◆ **To do**
Where a picture appears, leave it out, and transcribe all the lines below exactly.

◆ **Material provided**
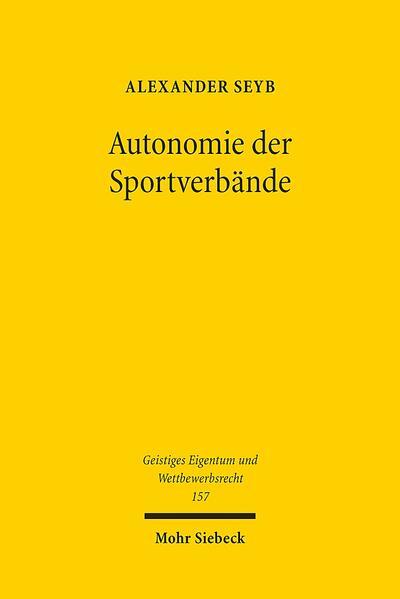 Autonomie der Sportverbände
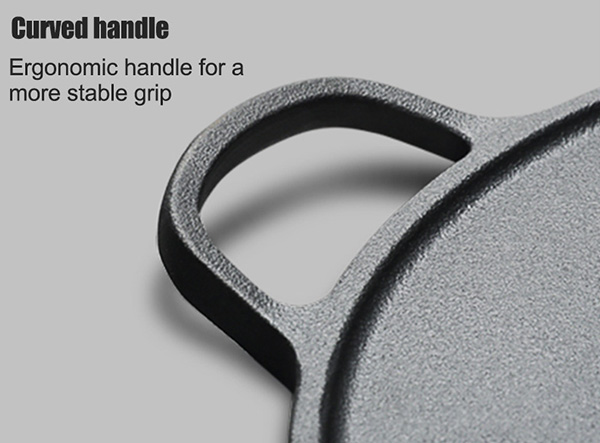 Curved handle
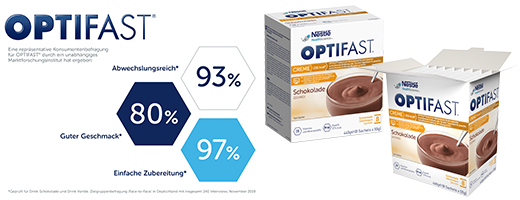OPTIFAST Crème chocolat en poudre, 8X55 g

◆ **Problem solution**
 Autonomie der Sportverbände
 Curved handle
OPTIFAST Crème chocolat en poudre, 8X55 g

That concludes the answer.